Unlike his acceptance speech at the Republican National Convention which was clearly not written by him, Trump (or a speechwriter with a good grasp of Trump’s language style) was the primary author of his inaugural address. Linguistically, it was quite similar to the ways he spoke in his stump speeches, interviews, and debates. Consequently, the conclusions we have reached about his personality and thinking styles in the past are only reinforced after his ascension to the presidency.
Trump is Intuitive and not at all Analytical
In their inaugural addresses, presidents tend to show an analytic thinking style. They generally lay out their ideas in a formal, logical manner. Beginning with Teddy Roosevelt, modern presidents have adopted increasingly informal and narrative styles than their predecessors. Trump, however, has broken new ground in simple and intuitive thinking. As depicted in the graph below, no American president has been so low in analytic thinking.

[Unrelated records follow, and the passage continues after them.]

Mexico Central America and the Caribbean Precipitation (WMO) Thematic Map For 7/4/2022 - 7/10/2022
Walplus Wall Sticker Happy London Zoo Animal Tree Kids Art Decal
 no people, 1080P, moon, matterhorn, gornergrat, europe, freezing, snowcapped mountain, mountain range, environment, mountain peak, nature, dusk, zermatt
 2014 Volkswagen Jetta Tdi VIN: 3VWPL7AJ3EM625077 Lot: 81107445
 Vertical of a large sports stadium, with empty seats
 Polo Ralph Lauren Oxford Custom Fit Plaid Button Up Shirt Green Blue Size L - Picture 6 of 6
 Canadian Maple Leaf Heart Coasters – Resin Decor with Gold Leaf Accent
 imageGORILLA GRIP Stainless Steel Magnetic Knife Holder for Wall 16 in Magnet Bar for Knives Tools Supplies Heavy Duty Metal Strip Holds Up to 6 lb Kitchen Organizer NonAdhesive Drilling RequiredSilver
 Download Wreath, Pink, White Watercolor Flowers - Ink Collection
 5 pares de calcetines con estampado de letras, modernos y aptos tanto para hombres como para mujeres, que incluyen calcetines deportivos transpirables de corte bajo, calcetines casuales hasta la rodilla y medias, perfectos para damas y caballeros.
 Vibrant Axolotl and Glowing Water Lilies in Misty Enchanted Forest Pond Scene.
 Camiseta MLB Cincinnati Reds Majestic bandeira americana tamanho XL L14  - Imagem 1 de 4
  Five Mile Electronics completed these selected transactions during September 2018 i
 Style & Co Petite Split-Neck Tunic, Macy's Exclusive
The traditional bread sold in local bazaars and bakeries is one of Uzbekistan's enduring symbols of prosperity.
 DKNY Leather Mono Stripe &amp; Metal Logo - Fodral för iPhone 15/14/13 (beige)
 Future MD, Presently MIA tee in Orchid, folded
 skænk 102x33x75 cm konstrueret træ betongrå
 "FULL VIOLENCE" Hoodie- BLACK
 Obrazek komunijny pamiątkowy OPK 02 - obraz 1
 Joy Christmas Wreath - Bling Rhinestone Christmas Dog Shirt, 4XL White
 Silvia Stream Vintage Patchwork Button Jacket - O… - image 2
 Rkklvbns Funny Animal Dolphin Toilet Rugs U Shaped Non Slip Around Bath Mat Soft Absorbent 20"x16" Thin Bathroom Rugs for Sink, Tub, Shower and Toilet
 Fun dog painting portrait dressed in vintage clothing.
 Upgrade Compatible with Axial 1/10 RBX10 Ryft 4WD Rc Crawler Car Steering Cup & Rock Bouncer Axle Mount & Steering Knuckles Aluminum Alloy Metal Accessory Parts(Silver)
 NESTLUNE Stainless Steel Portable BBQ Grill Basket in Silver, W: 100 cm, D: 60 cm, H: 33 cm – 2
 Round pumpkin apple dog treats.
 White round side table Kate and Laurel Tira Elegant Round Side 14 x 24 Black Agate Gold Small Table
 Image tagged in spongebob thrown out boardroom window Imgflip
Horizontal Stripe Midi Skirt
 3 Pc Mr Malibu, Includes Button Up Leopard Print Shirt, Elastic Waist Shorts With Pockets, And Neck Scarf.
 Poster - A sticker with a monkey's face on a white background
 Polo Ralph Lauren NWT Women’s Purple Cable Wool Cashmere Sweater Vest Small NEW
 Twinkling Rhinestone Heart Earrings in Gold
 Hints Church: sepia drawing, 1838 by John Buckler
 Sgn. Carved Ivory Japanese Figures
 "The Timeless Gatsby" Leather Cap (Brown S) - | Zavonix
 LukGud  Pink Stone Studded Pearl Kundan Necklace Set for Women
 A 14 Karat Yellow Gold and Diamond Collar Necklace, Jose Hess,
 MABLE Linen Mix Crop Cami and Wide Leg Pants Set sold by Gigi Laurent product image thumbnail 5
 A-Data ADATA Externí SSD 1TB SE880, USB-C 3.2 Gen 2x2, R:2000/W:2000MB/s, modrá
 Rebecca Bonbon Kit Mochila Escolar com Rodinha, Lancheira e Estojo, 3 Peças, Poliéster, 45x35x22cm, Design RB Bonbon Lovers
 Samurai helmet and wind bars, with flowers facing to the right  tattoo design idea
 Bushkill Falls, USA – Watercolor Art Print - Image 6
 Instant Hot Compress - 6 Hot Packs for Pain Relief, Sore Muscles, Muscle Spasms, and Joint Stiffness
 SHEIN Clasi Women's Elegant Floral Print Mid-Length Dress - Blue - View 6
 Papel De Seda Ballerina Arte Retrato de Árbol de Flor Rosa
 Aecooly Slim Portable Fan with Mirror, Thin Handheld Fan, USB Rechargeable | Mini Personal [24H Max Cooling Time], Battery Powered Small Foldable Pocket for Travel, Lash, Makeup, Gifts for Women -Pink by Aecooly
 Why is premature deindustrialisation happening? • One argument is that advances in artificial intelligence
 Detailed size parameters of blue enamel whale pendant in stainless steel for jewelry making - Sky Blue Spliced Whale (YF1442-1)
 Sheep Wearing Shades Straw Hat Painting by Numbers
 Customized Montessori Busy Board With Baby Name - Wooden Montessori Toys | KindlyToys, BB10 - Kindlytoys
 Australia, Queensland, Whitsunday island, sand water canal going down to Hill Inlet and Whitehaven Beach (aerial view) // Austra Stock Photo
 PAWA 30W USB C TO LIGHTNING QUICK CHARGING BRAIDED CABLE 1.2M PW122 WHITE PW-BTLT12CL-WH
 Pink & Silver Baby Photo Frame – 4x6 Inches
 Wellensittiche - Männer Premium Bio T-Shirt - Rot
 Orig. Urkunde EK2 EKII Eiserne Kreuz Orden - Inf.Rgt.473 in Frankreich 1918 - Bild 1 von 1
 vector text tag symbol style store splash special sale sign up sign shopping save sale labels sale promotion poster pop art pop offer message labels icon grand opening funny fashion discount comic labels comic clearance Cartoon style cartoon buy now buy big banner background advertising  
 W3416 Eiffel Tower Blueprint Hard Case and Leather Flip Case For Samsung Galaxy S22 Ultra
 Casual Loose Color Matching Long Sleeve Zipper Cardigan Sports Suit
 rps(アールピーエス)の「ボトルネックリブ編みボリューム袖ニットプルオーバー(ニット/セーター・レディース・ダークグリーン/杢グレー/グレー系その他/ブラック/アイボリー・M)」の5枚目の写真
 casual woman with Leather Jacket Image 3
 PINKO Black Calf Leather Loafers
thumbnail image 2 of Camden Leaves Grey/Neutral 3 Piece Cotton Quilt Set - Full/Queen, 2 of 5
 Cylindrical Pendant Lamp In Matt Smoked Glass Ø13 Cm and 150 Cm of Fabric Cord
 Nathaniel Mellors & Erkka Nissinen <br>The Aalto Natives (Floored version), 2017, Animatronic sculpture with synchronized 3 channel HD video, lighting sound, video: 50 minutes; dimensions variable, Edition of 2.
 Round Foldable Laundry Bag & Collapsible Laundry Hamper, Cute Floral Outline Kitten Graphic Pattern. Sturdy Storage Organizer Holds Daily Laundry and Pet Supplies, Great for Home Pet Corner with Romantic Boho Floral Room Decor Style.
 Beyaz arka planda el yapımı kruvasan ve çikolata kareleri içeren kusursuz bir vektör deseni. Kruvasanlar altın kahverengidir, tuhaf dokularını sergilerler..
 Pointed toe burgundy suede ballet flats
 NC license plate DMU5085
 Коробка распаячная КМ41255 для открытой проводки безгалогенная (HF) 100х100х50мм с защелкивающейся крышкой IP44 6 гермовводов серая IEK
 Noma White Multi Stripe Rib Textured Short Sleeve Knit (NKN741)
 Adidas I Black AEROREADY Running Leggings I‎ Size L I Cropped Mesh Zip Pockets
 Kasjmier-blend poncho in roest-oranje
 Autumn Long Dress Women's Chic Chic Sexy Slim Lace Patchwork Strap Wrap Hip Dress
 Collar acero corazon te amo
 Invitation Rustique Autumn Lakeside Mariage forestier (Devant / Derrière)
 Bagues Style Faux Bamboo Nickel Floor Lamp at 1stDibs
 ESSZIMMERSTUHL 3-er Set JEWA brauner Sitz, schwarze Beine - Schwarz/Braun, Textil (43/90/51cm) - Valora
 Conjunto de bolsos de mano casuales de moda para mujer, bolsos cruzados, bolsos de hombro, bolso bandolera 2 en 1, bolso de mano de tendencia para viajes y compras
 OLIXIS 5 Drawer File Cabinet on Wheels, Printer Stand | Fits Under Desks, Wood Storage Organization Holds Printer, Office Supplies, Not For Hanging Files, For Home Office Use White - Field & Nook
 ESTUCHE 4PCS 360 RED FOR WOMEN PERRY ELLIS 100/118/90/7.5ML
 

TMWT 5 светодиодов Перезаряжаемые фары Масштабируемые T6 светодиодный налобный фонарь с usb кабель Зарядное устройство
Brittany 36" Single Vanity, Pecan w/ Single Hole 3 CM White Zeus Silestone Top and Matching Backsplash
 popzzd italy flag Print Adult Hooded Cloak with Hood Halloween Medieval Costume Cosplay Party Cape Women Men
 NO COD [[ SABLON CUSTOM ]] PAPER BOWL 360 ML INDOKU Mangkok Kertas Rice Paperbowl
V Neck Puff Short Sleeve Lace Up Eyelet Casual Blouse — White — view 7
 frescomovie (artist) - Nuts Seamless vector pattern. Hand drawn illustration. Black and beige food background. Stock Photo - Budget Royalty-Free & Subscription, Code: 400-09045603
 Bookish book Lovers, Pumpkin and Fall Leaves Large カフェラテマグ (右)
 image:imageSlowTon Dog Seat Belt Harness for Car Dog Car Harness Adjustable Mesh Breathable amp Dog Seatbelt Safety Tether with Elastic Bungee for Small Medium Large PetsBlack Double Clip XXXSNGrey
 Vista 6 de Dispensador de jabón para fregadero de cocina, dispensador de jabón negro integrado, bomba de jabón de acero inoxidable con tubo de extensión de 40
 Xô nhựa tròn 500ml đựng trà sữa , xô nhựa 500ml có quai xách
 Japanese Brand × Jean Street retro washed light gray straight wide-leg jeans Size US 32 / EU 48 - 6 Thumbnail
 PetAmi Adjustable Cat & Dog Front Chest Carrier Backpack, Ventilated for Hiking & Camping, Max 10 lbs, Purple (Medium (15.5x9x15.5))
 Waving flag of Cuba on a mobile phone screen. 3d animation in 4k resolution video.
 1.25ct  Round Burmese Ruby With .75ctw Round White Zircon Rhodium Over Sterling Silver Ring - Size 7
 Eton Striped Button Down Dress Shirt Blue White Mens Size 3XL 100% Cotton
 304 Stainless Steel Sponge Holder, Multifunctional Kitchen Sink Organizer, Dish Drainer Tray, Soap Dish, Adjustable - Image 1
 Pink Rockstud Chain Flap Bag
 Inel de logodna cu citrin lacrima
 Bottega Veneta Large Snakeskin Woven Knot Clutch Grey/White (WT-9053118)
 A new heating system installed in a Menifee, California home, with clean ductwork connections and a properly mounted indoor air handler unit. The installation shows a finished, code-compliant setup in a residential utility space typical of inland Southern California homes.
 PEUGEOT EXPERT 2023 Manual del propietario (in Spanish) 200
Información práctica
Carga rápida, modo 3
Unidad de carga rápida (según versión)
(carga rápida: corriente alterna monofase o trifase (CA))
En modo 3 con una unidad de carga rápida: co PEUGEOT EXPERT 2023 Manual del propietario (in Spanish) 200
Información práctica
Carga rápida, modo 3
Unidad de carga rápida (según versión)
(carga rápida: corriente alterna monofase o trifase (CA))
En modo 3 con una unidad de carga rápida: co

Consistent with all of his debates, Trump is not capable of more logical and hierarchical thinking. He has rarely made an if-then statement. As evidenced through his tweeting, he is a fast decision maker driven by intuition and hunches. Because of this, scholars must pay particularly close attention to the values that are guiding him — nationalism, isolationism, wealth, security, hard work, and deal-making. When confronted with a difficult decision, he will likely be guided by advisors or the core values that are salient to him at the moment.
Trump is Authentic
Several studies have identified a set of word categories that are associated with people telling the truth. For example, I-words (e.g., I, me, my) often signal that the person is speaking from the heart. Interestingly, when we listen to a person who uses authenticity language, we are more likely to believe them. They come across as more personal and understanding.
From the first debate over 18 months ago, Trump has consistently used words associated with authenticity at very high rates. Indeed, this is his appeal. He shoots from the hip and many people feel he is talking directly to them. Presidents have differed widely in the authenticity of their inaugural addresses. Presidents such as Kennedy, Johnson, and Nixon, surprisingly, gave straightforward addresses clearly laying out their thoughts. Other presidents such as Eisenhower and Truman were more distant and impersonal in their speeches. As shown in the figure below, Trump rivals George “I cannot tell a lie” Washington in his use of authentic language.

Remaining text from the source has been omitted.